L’IA en entreprise, le vrai travail de fond

Quand je regarde « IA en entreprise — version atelier lourd — » en mars 2026, je veux savoir ce qui reste utile une fois l’effet de nouveauté passé. La promesse de « IA en entreprise — version atelier lourd — », en mars 2026, tient dans cette idée: une lecture terrain de l’IA en entreprise quand les processus, les systèmes et les équipes pèsent lourd, mais elle doit encore passer par les détails.

Aujourd’hui, je mets mon casque de chantier. Les démos d’IA, c’est beau sur une page blanche. La vraie vie d’une entreprise comme la nôtre, c’est autre chose: on a un gros ERP qui roule depuis des années, des systèmes lourds, des données qui datent, des règles d’affaires accumulées par couches. Brancher une IA moderne là-dessus, c’est pas glisser une clé dans une serrure neuve. C’est de l’atelier lourd: de la soudure, de la patience, pis beaucoup de colle.

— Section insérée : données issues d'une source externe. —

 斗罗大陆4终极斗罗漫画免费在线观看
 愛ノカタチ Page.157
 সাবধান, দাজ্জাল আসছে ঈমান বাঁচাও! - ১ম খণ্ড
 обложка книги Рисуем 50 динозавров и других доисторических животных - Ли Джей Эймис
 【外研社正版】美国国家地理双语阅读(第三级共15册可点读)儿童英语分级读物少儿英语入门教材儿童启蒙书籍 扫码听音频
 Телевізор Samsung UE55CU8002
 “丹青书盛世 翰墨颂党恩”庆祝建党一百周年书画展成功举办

Le vrai défi: connecter le moderne à l’ancien

flowchart LR
    A[IA moderne] --> B[La couche de colle]
    C[ERP lourd, donnees qui datent] --> B
    B --> D[Lire la donnee du vieux systeme]
    B --> E[La nettoyer, la traduire]
    B --> F[Appeler le modele]
    B --> G[Valider avant d'ecrire quoi que ce soit]
    D --> H[Le 80% du travail est ici]
    E --> H
    F --> I[Le 20% brillant que tout le monde voit]
    G --> H

Le piège, c’est de penser que le défi, c’est le modèle d’IA. Non. Le modèle, c’est le 20% qui brille. Le 80% du travail, plate pis invisible, c’est la couche de colle entre l’IA pis le vieux système: aller chercher la donnée dans un format bizarre, la nettoyer, la traduire dans ce que le modèle comprend, pis surtout valider avant d’écrire quoi que ce soit dans l’ERP. Parce que dans un système lourd, une mauvaise écriture automatique peut faire des dégâts pour des mois.

# Brancher l'IA sur un systeme d'entreprise lourd
# Le modele, c'est la partie facile. La colle, c'est le vrai travail.

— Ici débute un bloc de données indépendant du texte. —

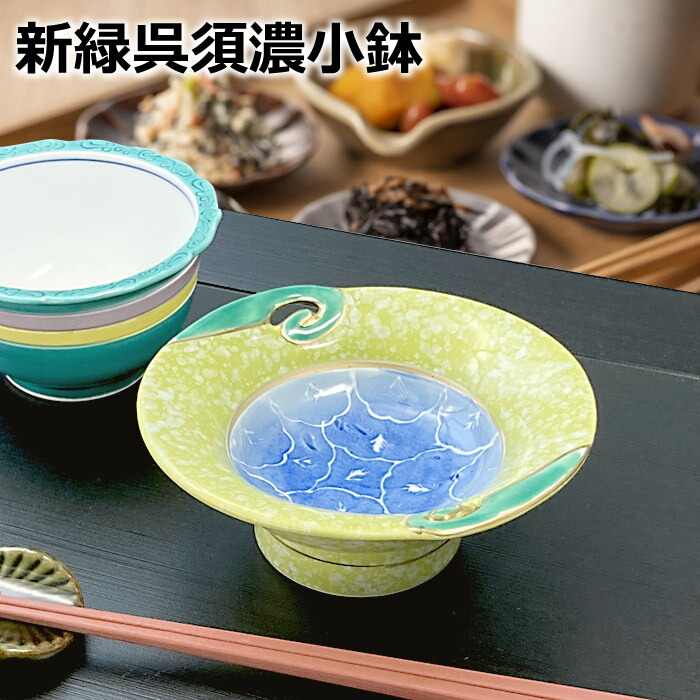 楽天市場】御本手 高台 皿 スタイリッシュ 和食器 日本製 陶器 美濃焼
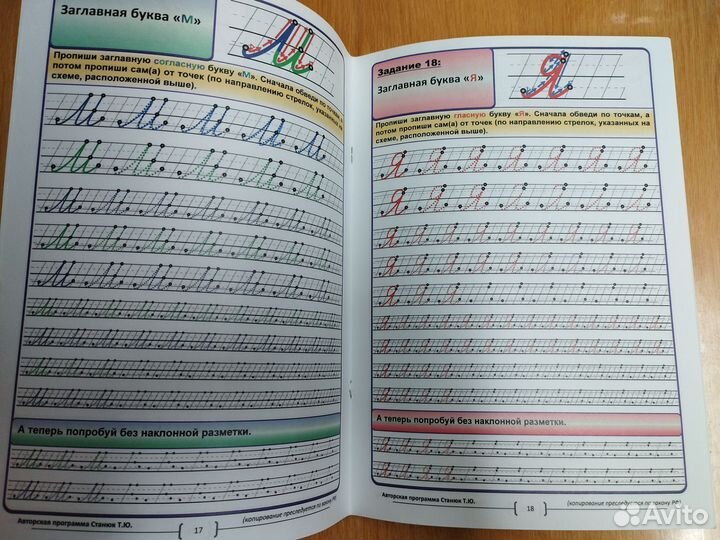 Начатые рабочие тетради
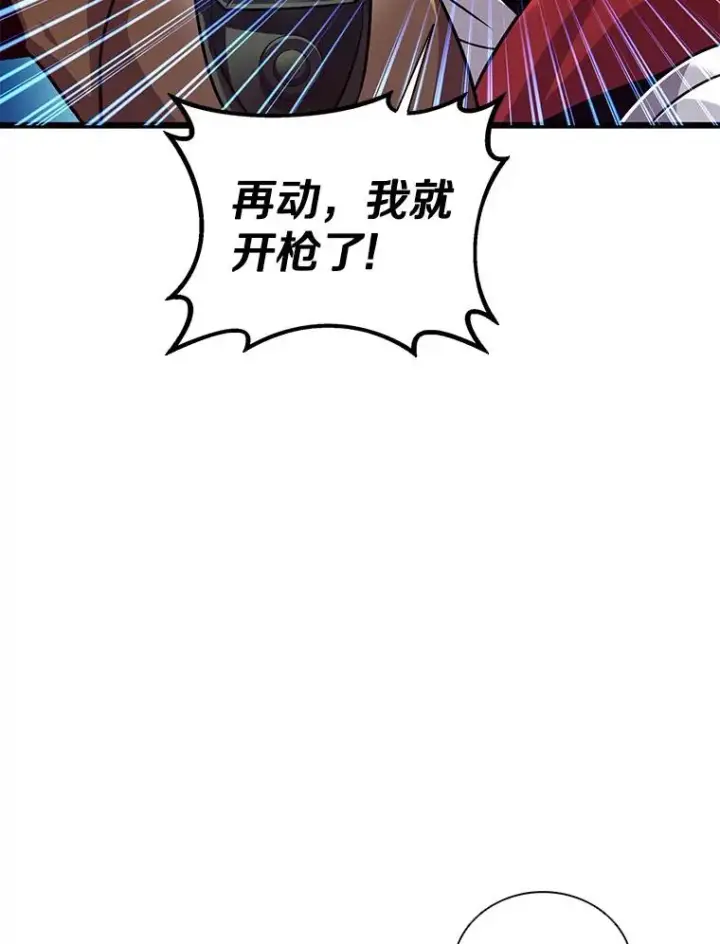 漫画《魔弹射手》119.歪打正着第131张图
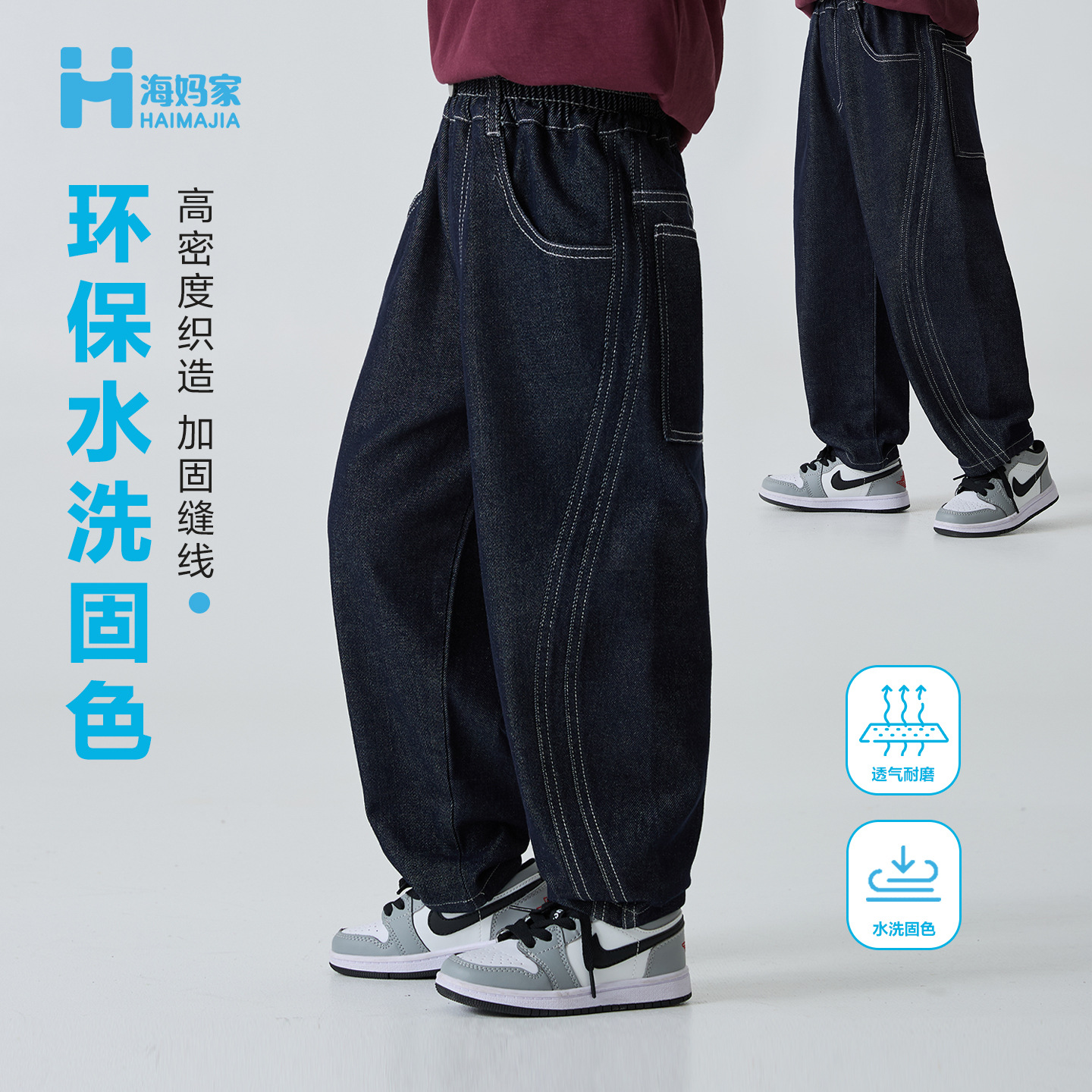 Haima's Kids' Clothing 2026 Spring and Autumn New Style Boys' Trendy Washed Denim Pants with Visible Stitching, Loose Fit for Older Children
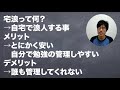 予備校なんかムダ！？浪人するなら宅浪はありなのか【大学受験 入試 自宅浪人】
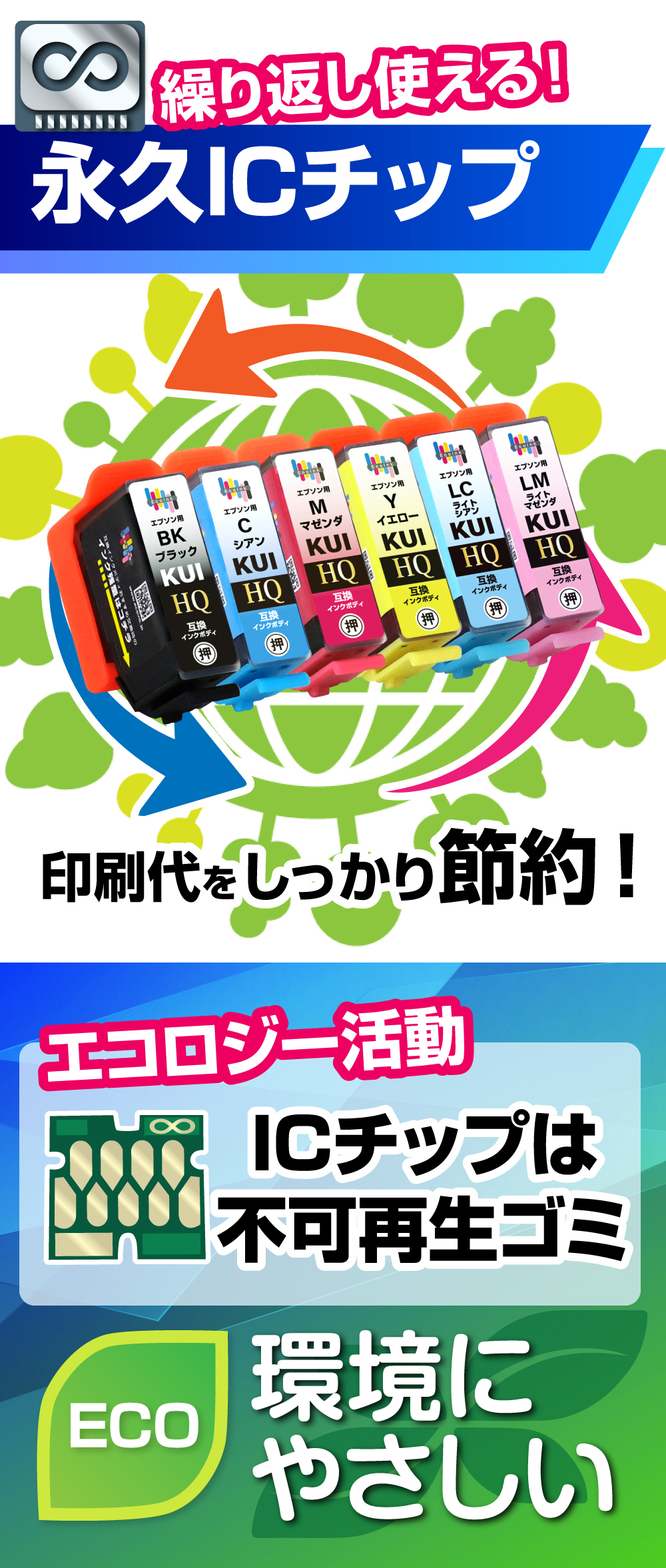 エプソン 【永久ICチップ付き】KUI-6CL 6色パック スターター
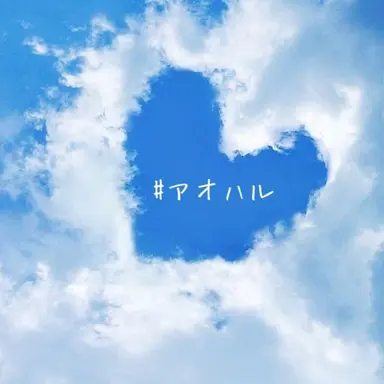 Profile image of 臼井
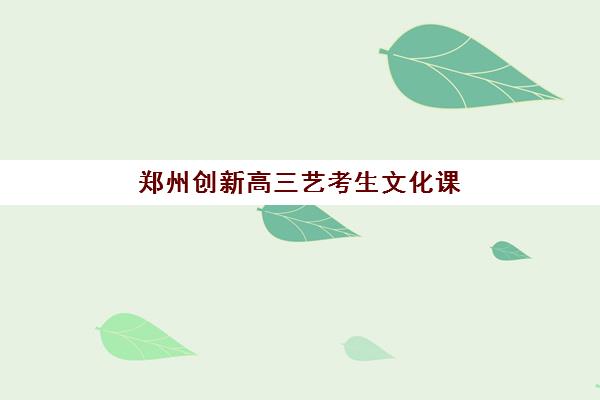 常州高三全托班补课班报名确认时间表格？2025年各机构时间节点与材料清单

def enrichir_commande(id_commande):
    # 1. Lire dans le vieux systeme (format bizarre, champs cryptiques)
    brut = erp.lire_commande(id_commande)

    # 2. Nettoyer et traduire en quelque chose de lisible
    propre = nettoyer(brut)  # 80% du travail est cache ici

    # 3. Appeler le modele (la partie qui brille)
    suggestion = modele.suggerer(propre)

    # 4. NE JAMAIS ecrire sans valider
    if not regle_affaires.valide(suggestion):
        return journaliser_pour_revue(id_commande, suggestion)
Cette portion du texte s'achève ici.